[YOUR ASSIGNMENT] Once you reach the line containing "гидра Володарск" in the entries below, write out that line and each one after it down to the line containing "Bright orange tulip", exactly and with nothing added.

*** STUDY MATERIAL ***

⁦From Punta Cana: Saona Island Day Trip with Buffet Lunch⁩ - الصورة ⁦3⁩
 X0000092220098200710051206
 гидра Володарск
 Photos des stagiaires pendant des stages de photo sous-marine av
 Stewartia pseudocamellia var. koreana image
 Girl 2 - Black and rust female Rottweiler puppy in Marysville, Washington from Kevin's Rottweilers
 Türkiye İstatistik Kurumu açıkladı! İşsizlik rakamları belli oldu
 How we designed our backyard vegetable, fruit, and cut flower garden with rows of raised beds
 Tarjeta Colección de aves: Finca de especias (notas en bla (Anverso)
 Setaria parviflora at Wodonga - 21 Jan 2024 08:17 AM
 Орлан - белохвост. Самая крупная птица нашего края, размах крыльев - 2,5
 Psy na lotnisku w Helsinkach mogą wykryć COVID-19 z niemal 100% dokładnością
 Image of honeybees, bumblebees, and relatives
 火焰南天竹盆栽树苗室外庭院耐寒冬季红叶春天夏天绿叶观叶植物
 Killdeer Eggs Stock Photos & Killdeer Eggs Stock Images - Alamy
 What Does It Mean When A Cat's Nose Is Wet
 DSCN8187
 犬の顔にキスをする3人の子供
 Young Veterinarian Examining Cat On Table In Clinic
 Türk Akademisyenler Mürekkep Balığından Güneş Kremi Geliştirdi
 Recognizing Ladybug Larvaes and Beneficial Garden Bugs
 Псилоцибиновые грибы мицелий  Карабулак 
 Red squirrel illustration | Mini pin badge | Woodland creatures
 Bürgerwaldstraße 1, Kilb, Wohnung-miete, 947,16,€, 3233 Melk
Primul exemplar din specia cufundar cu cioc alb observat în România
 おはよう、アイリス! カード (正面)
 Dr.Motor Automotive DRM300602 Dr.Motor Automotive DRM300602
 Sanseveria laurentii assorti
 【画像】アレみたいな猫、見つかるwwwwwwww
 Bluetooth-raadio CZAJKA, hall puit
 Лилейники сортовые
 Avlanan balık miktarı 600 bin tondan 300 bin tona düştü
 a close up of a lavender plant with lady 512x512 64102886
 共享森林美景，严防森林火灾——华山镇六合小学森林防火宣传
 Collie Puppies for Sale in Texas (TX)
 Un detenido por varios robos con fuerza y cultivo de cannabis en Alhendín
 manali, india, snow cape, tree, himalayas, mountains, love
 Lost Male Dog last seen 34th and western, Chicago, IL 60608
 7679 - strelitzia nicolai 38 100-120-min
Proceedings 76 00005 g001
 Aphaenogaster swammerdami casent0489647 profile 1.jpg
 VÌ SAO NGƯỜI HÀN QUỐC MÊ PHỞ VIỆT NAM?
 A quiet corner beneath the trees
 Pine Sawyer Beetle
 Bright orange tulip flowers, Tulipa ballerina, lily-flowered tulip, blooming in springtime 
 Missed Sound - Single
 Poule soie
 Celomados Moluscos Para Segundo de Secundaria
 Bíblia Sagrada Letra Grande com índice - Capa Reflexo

*** End of STUDY MATERIAL ***

[EXERCISE RESULT]
 гидра Володарск
 Photos des stagiaires pendant des stages de photo sous-marine av
 Stewartia pseudocamellia var. koreana image
 Girl 2 - Black and rust female Rottweiler puppy in Marysville, Washington from Kevin's Rottweilers
 Türkiye İstatistik Kurumu açıkladı! İşsizlik rakamları belli oldu
 How we designed our backyard vegetable, fruit, and cut flower garden with rows of raised beds
 Tarjeta Colección de aves: Finca de especias (notas en bla (Anverso)
 Setaria parviflora at Wodonga - 21 Jan 2024 08:17 AM
 Орлан - белохвост. Самая крупная птица нашего края, размах крыльев - 2,5
 Psy na lotnisku w Helsinkach mogą wykryć COVID-19 z niemal 100% dokładnością
 Image of honeybees, bumblebees, and relatives
 火焰南天竹盆栽树苗室外庭院耐寒冬季红叶春天夏天绿叶观叶植物
 Killdeer Eggs Stock Photos & Killdeer Eggs Stock Images - Alamy
 What Does It Mean When A Cat's Nose Is Wet
 DSCN8187
 犬の顔にキスをする3人の子供
 Young Veterinarian Examining Cat On Table In Clinic
 Türk Akademisyenler Mürekkep Balığından Güneş Kremi Geliştirdi
 Recognizing Ladybug Larvaes and Beneficial Garden Bugs
 Псилоцибиновые грибы мицелий  Карабулак 
 Red squirrel illustration | Mini pin badge | Woodland creatures
 Bürgerwaldstraße 1, Kilb, Wohnung-miete, 947,16,€, 3233 Melk
Primul exemplar din specia cufundar cu cioc alb observat în România
 おはよう、アイリス! カード (正面)
 Dr.Motor Automotive DRM300602 Dr.Motor Automotive DRM300602
 Sanseveria laurentii assorti
 【画像】アレみたいな猫、見つかるwwwwwwww
 Bluetooth-raadio CZAJKA, hall puit
 Лилейники сортовые
 Avlanan balık miktarı 600 bin tondan 300 bin tona düştü
 a close up of a lavender plant with lady 512x512 64102886
 共享森林美景，严防森林火灾——华山镇六合小学森林防火宣传
 Collie Puppies for Sale in Texas (TX)
 Un detenido por varios robos con fuerza y cultivo de cannabis en Alhendín
 manali, india, snow cape, tree, himalayas, mountains, love
 Lost Male Dog last seen 34th and western, Chicago, IL 60608
 7679 - strelitzia nicolai 38 100-120-min
Proceedings 76 00005 g001
 Aphaenogaster swammerdami casent0489647 profile 1.jpg
 VÌ SAO NGƯỜI HÀN QUỐC MÊ PHỞ VIỆT NAM?
 A quiet corner beneath the trees
 Pine Sawyer Beetle
 Bright orange tulip flowers, Tulipa ballerina, lily-flowered tulip, blooming in springtime 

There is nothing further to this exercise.